YuLab-SMU / ChIPseeker

:dart: ChIP peak Annotation, Comparison and Visualization
https://onlinelibrary.wiley.com/share/author/GYJGUBYCTRMYJFN2JFZZ?target=10.1002/cpz1.585
219 stars 74 forks source link

support EnsDb #193

Closed GuangchuangYu closed 1 year ago

GuangchuangYu commented 2 years ago

see https://support.bioconductor.org/p/124900/.

We should change to using ensemble ID as default when passing an EnsDb to the TxDb parameter.

MingLi-929 commented 2 years ago

i am a little bit confuesd about this statement

We should change to using ensemble ID as default when passing an EnsDb to the TxDb parameter.

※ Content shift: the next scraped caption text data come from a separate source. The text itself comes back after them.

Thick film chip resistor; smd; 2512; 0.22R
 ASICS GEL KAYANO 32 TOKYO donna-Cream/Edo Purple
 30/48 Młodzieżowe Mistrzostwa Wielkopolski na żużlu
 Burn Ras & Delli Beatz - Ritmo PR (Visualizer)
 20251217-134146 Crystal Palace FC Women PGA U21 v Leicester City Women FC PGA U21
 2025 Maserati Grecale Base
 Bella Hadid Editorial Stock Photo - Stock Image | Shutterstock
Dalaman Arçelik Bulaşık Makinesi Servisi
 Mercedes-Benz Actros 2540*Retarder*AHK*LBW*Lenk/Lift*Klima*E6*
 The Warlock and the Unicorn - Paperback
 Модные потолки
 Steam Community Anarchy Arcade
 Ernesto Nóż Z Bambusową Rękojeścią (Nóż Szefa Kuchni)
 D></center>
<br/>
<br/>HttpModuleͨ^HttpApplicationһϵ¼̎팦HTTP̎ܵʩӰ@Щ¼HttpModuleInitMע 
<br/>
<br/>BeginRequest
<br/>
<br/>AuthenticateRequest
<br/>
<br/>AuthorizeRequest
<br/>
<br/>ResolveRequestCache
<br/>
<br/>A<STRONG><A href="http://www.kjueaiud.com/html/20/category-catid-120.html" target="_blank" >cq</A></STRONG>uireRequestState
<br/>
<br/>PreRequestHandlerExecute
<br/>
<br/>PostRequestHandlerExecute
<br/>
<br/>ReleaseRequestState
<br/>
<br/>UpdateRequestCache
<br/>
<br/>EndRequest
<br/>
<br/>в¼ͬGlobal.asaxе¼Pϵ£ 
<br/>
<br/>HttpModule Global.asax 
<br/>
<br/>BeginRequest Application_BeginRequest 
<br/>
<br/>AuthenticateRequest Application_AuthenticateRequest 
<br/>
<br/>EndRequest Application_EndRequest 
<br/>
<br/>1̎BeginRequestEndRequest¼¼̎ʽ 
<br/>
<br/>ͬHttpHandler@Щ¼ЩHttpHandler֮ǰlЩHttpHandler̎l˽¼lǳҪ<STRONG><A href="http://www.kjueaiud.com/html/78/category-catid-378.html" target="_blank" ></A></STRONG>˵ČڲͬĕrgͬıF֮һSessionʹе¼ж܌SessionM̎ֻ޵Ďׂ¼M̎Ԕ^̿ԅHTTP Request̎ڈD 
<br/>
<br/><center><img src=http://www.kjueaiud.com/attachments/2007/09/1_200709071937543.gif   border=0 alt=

but i carefully looked into this bug report

see https://support.bioconductor.org/p/124900/.

This bug came from the columns items. https://github.com/YuLab-SMU/ChIPseeker/blob/ff7bffd10514c1428e3553c4dee224967092ac6d/R/addGeneAnno.R#L28-L33 ChIPseeker used above codes to capture annotation from annoDb parameter. These code was appied to any database. But different database have different column items

library(EnsDb.Hsapiens.v86)
library(org.Hs.eg.db)

db <- EnsDb.Hsapiens.v86
columns(db)

> columns(db)
 [1] "ENTREZID"            "EXONID"             
 [3] "EXONIDX"             "EXONSEQEND"         
 [5] "EXONSEQSTART"        "GENEBIOTYPE"        
 [7] "GENEID"              "GENENAME"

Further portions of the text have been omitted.